Welcome read-cache-after-write consistency!

TL;DR: In version 5.3.0 we introduced strong consistency guarantees for updates with a new API. You can now update resources (both your custom resource and managed resources) and the framework will guarantee that these updates will be instantly visible when accessing resources from caches, and naturally also for subsequent reconciliations.

I briefly talked about this topic at KubeCon last year.

public UpdateControl<WebPage> reconcile(WebPage webPage, Context<WebPage> context) {
    
    ConfigMap managedConfigMap = prepareConfigMap(webPage);
    // apply the resource with new API
    context.resourceOperations().serverSideApply(managedConfigMap);
    
    // fresh resource instantly available from our update in the caches
    var upToDateResource = context.getSecondaryResource(ConfigMap.class);
    
    // from now on built-in update methods by default use this feature;
    // it is guaranteed that resource changes will be visible for next reconciliation
    return UpdateControl.patchStatus(alterStatusObject(webPage));
}

In addition to that, the framework will automatically filter events for your own updates, so they don’t trigger the reconciliation again.

This post will deep dive into this topic, exploring the details and rationale behind it.

See the related umbrella issue on GitHub.

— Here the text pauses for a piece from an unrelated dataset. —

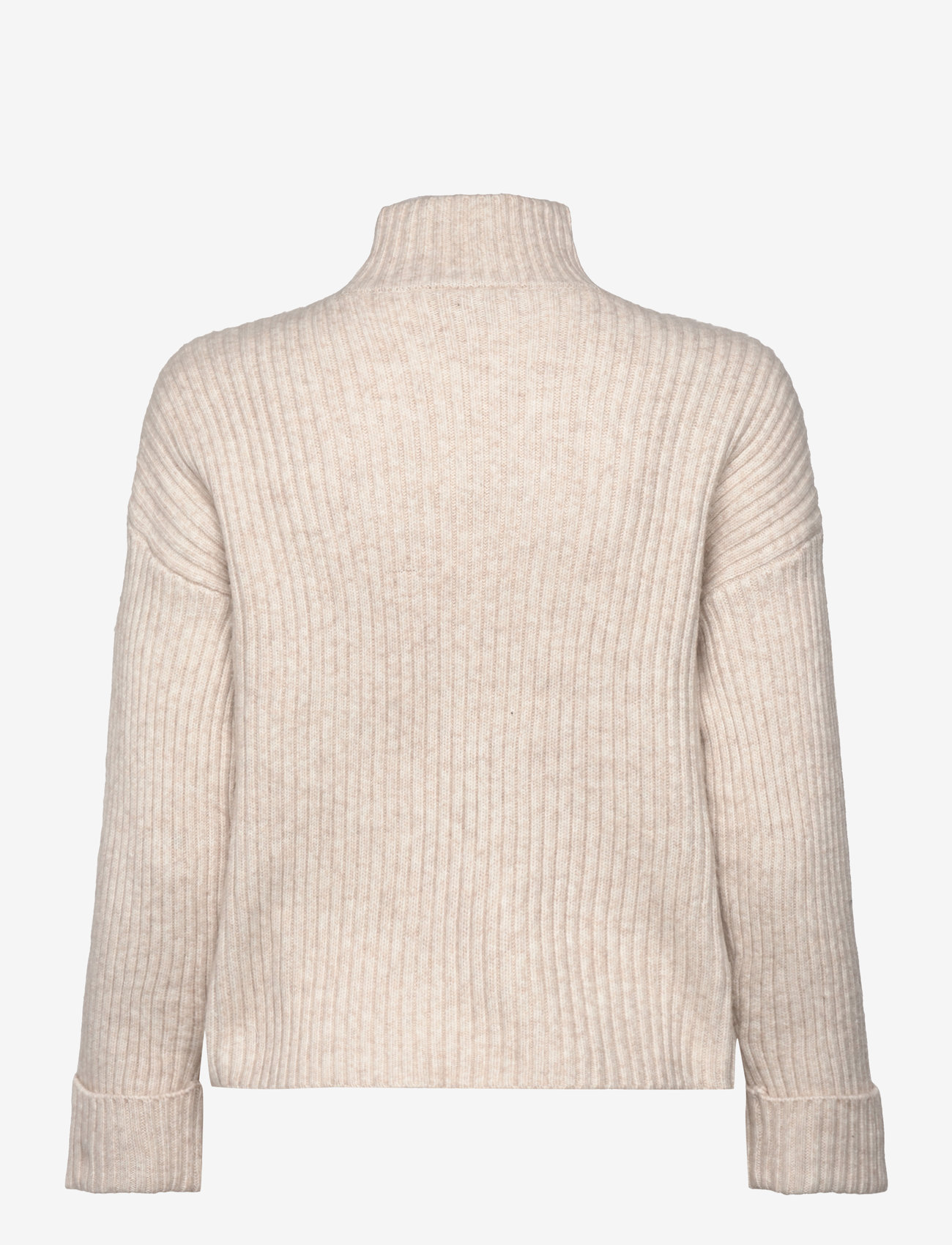 Fransa - FRELLY PU 1 - efterårstøj - limestone melange - 1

Informers and eventual consistency

First, we have to understand a fundamental building block of Kubernetes operators: Informers. Since there is plentiful accessible information about this topic, here’s a brief summary. Informers:

  1. Watch Kubernetes resources — the K8S API sends events if a resource changes to the client through a websocket. An event usually contains the whole resource. (There are some exceptions, see Bookmarks.) See details about watch as a K8S API concept in the official docs.
  2. Cache the latest state of the resource.
  3. If an informer receives an event in which the metadata.resourceVersion is different from the version in the cached resource, it calls the event handler, thus in our case triggering the reconciliation.

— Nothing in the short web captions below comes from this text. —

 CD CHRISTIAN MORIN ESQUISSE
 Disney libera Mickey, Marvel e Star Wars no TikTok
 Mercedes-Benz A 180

A controller is usually composed of multiple informers: one tracking the primary resource, and additional informers registered for each (secondary) resource we manage. Informers are great since we don’t have to poll the Kubernetes API — it is push-based. They also provide a cache, so reconciliations are very fast since they work on top of cached resources.

Now let’s take a look at the flow when we update a resource:

graph LR
    subgraph Controller
        Informer:::informer
        Cache[(Cache)]:::teal
        Reconciler:::reconciler
        Informer -->|stores| Cache
        Reconciler -->|reads| Cache
    end
    K8S[⎈ Kubernetes API Server]:::k8s

    Informer -->|watches| K8S
    Reconciler -->|updates| K8S

    classDef informer fill:#C0527A,stroke:#8C3057,color:#fff
    classDef reconciler fill:#E8873A,stroke:#B05E1F,color:#fff
    classDef teal fill:#3AAFA9,stroke:#2B807B,color:#fff
    classDef k8s fill:#326CE5,stroke:#1A4AAF,color:#fff

It is easy to see that the cache of the informer is eventually consistent with the update we sent from the reconciler. It usually takes only a very short time (a few milliseconds) to sync the caches and everything is fine. Well, sometimes it isn’t. The websocket can be disconnected (which actually happens on purpose sometimes), the API Server can be slow, etc.

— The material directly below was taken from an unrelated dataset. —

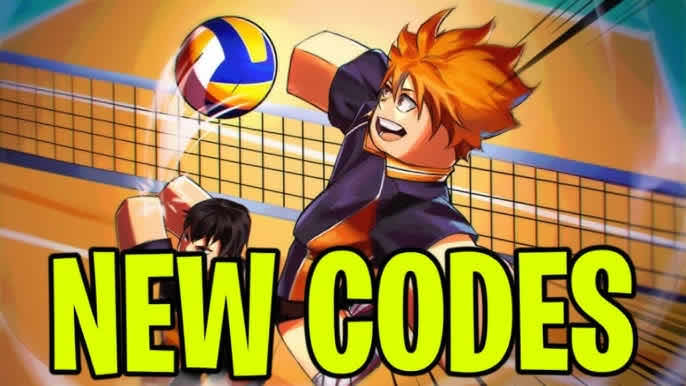 Haikyuu Legends Codes – The U...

The problem(s) we try to solve

Let’s consider an operator with the following requirements:

  • we have a custom resource PrefixedPod where the spec contains only one field: podNamePrefix
  • the goal of the operator is to create a Pod with a name that has the prefix and a random suffix
  • it should never run two Pods at once; if the podNamePrefix changes, it should delete the current Pod and then create a new one
  • the status of the custom resource should contain the generatedPodName

How the code would look in 5.2.x:


public UpdateControl<PrefixedPod> reconcile(PrefixedPod primary, Context<PrefixedPod> context) {
    
    Optional<Pod> currentPod = context.getSecondaryResource(Pod.class);
    
    if (currentPod.isPresent()) {
        if (podNameHasPrefix(primary.getSpec().getPodNamePrefix() ,currentPod.get())) {
            // all ok we can return
            return UpdateControl.noUpdate();
        } else {
            // deletes the current pod with different name pattern
            context.getClient().resource(currentPod.get()).delete();
           // return; pod delete event will trigger the reconciliation
           return UpdateControl.noUpdate();
        }
    } else {
        // creates new pod
       var newPod = context.getClient().resource(createPodWithOwnerReference(primary)).serverSideApply();
       return UpdateControl.patchStatus(setGeneratedPodNameToStatus(primary,newPod));
    }
}

@Override
public List<EventSource<?, PrefixedPod>> prepareEventSources(EventSourceContext<PrefixedPod> context) {
    // Code omitted for adding InformerEventSource for the Pod
}

That is quite simple: if there is a Pod with a different name prefix we delete it, otherwise we create the Pod and update the status. The Pod is created with an owner reference, so any update on the Pod will trigger the reconciliation.

Now consider the following sequence of events:

  1. We create a PrefixedPod with spec.podNamePrefix: first-pod-prefix.
  2. Concurrently:
    • The reconciliation logic runs and creates a Pod with a generated name suffix: “first-pod-prefix-a3j3ka”; it also sets this in the status and updates the custom resource status.
    • While the reconciliation is running, we update the custom resource to have the value second-pod-prefix.
  3. The update of the custom resource triggers the reconciliation.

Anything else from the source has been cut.